Repeat the records below word for word and omit each image.

── Task data

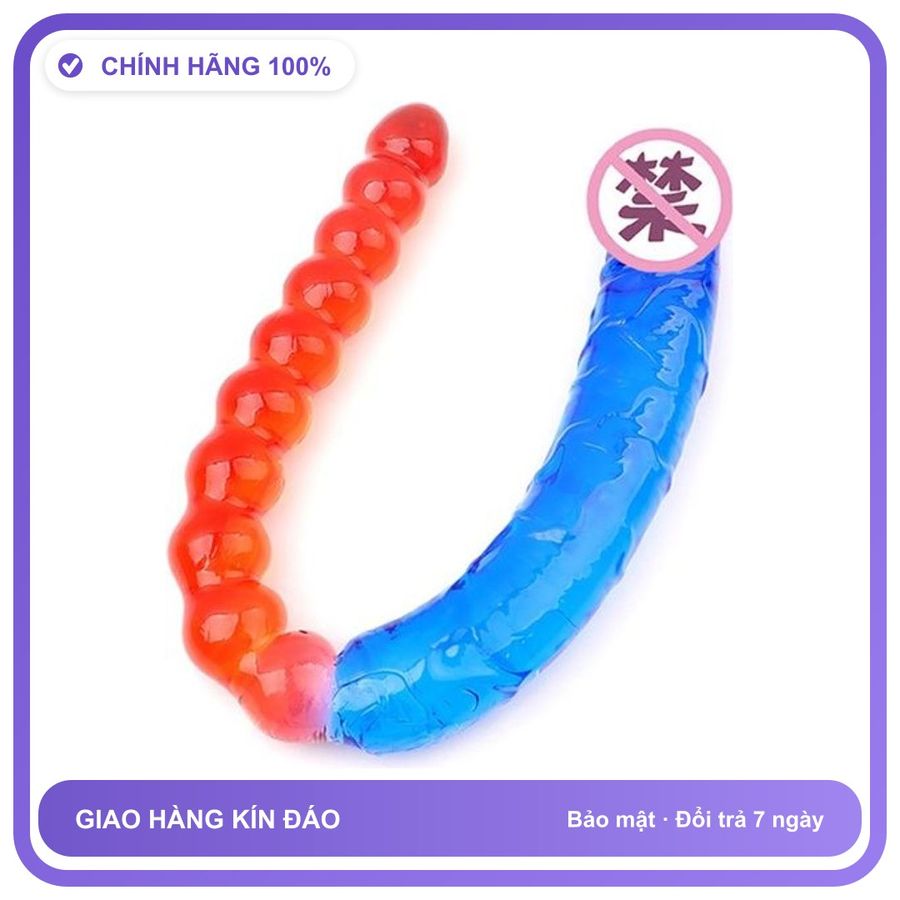 Dương vật giả 2 Đầu Chuỗi Hạt Jiuai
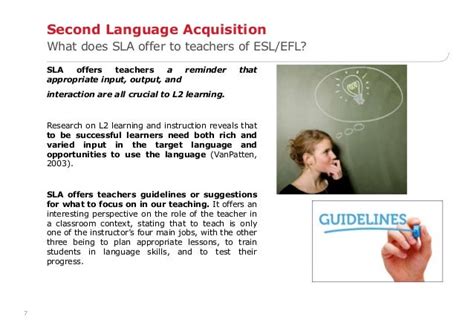 Second Language Acquisition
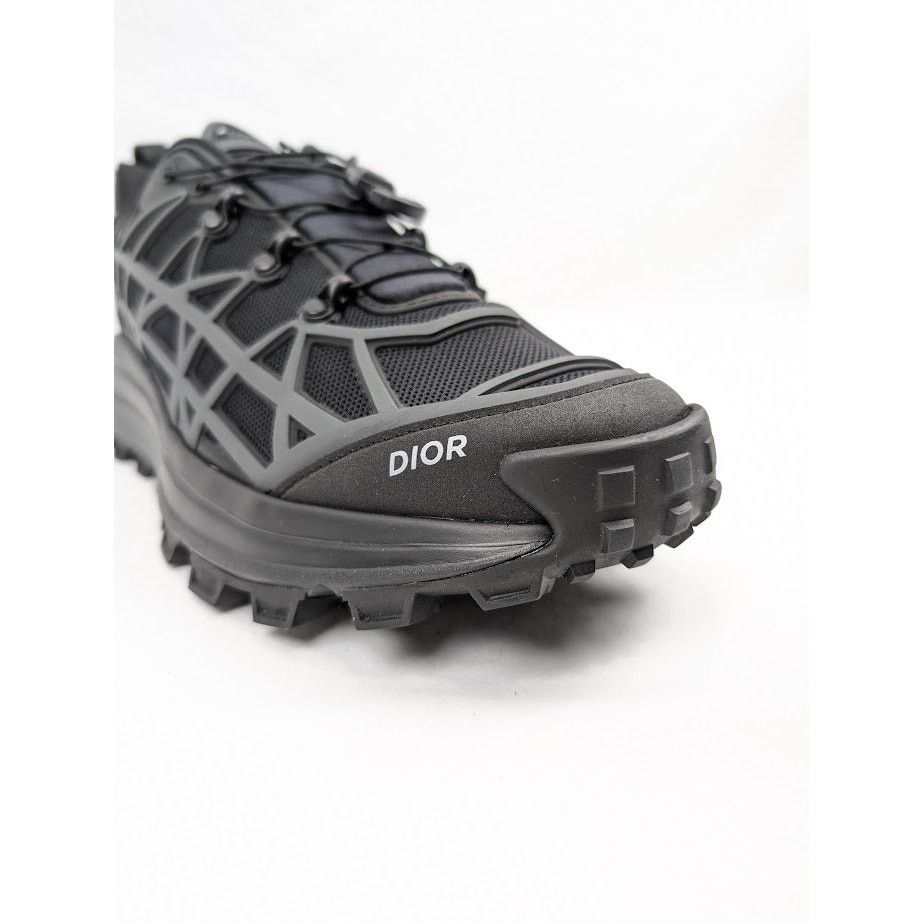 Dior o1rshd1 B31 Rubber Mesh Sneakers in Black Size US 12 / EU 45 - 6 Thumbnail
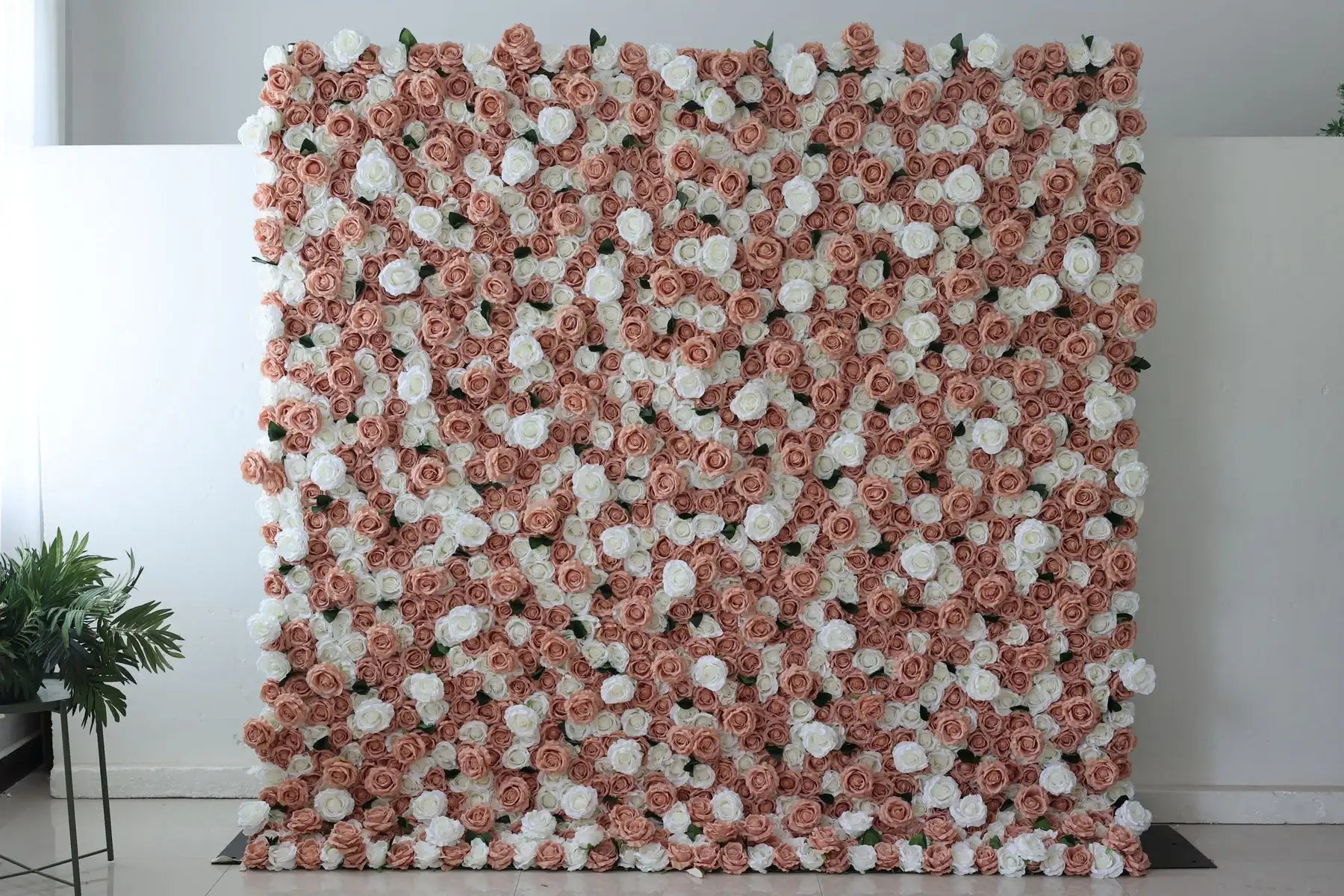 

3D luxury Dried rose pink hydrangea Curtain Flower Wall Outdoor Wedding Backdrop Decoration Events Prop Window Display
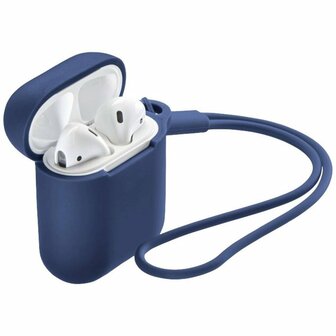 Hama Fantastic Feel Beschermhoes voor Oplaadcase AirPods 1e Gen./2e Gen. Blauw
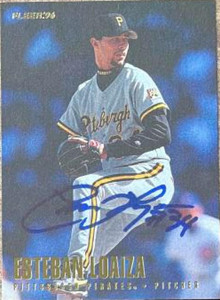 Esteban Loaiza Autographed 1996 Fleer #525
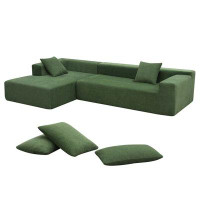 Latitude Run® Modular Sectional Living Room Sofa Set, Modern Minimalist Style Couch, Upholstered Sleeper Sofa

────

▸ **Response area**:
 Dương vật giả 2 Đầu Chuỗi Hạt Jiuai
 Second Language Acquisition
 Dior o1rshd1 B31 Rubber Mesh Sneakers in Black Size US 12 / EU 45 - 6 Thumbnail

3D luxury Dried rose pink hydrangea Curtain Flower Wall Outdoor Wedding Backdrop Decoration Events Prop Window Display
 Hama Fantastic Feel Beschermhoes voor Oplaadcase AirPods 1e Gen./2e Gen. Blauw
 Esteban Loaiza Autographed 1996 Fleer #525
 Latitude Run® Modular Sectional Living Room Sofa Set, Modern Minimalist Style Couch, Upholstered Sleeper Sofa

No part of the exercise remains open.